We are an MSSP company with a SOC providing multiple security services, including forensic, pentest, incident response, etc. Initially we were only reseller and LogPoint integrator. The current SIEM we use for our SOC (LogRhythm) has many problems, is very expensive and the technical support team is slow to answer. Especially on log normalization. That is why we have started a migration to use LogPoint instead of LogRhythm in the next month.
LogPoint is not identical with LogRhythm, but has solid strengths, at least:
- license model
- technical support team (with possibility of support IP through VPN)

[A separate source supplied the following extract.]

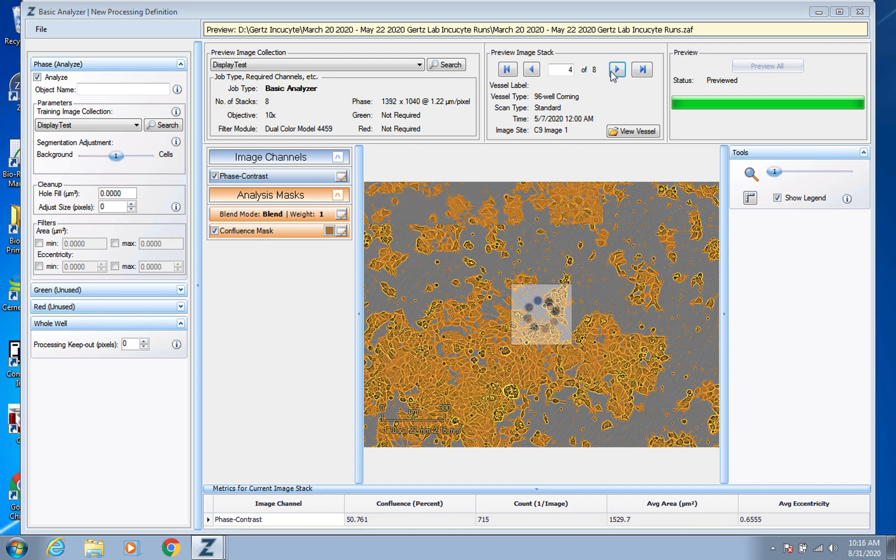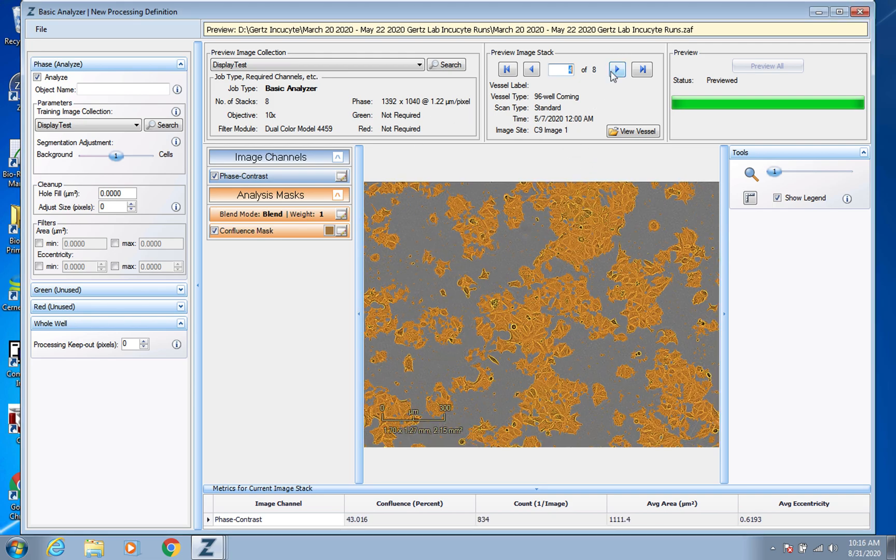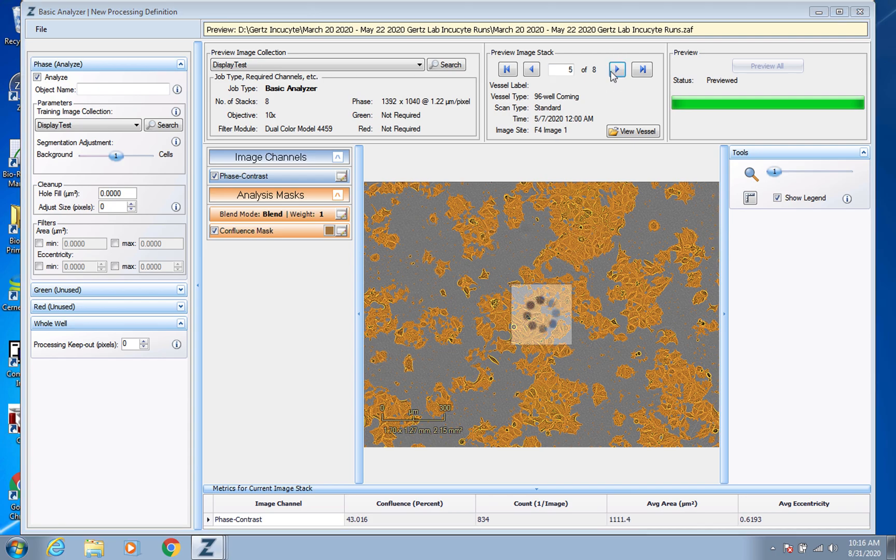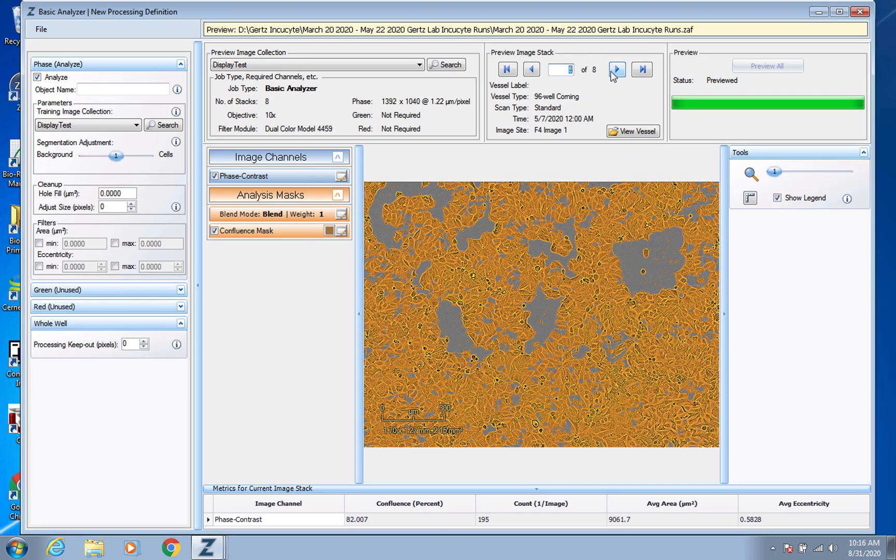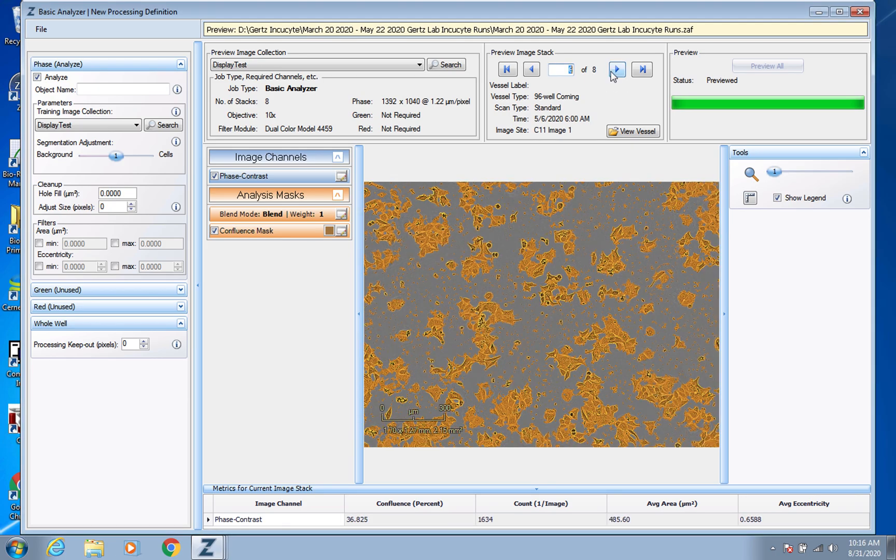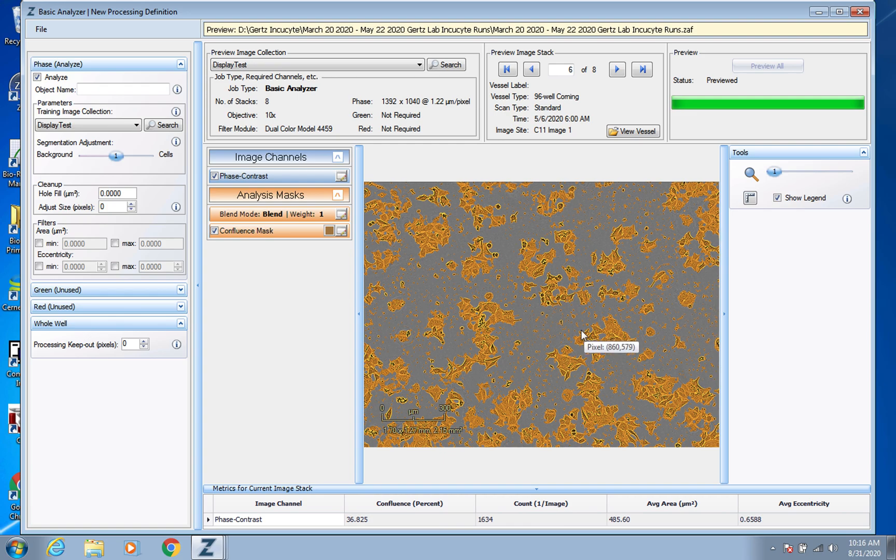So overall, this actually looks pretty good. And I think that's the useful thing about picking so many images for it. Here again, you can see that might really be throwing it off.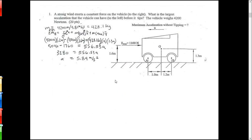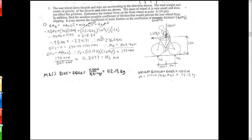Here are some of the review problems. A strong wind exerts a constant force on a vehicle to the right — what's the largest acceleration before it tips? That's translation. They tip backwards, away from the acceleration. What we did was apply that moment equation about the back wheel because the front wheel is about to tip. To represent that the front wheel is tipping, you set the normal force to zero — that's what happens just before it tips.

- log normalization creation for unknown logs are pretty fast
- no extra cost for high availability architectures
The only drawback for now are:
- To simple alert management interface. When there is 10 identical alerts, it is difficult to still have a global vision of everything and it is time consuming to resolve all of them. LogPoint is clearly not usable as is for MSSP or big customers, a SOAR solution should be used in addition.
- Clear interface, except sometime where it is a little bit confusing
- Lack of self monitoring, we cannot know from the web UI if an alert rule is consuming to much resources.
- Technical support team is fast and competent
- License management and cost
- Log parsing
- New logs can be provided to the support team for parser creation
- High Availability architecture does not cost more
- Alerts interface is too simple, hard to keep visibility if there is more that 10 alarms
- Web UI is clear but sometimes confusing
- LogPoint never warns on bad practices that could leads to performance issues
- Lack of self monitoring, to display which alert rule is consuming too much resources
LogPoint can be deployed easily in high availability to absorb a lot of log per seconds. But LogPoint only, without SOAR, is not well suited for MSSP or big companies that could have a lot of alarm rules every days. There is no link between old and new alarms (for same IOC for example), and the interface is not enough clear to manage them all.
Support team is very fast to answer and very kind.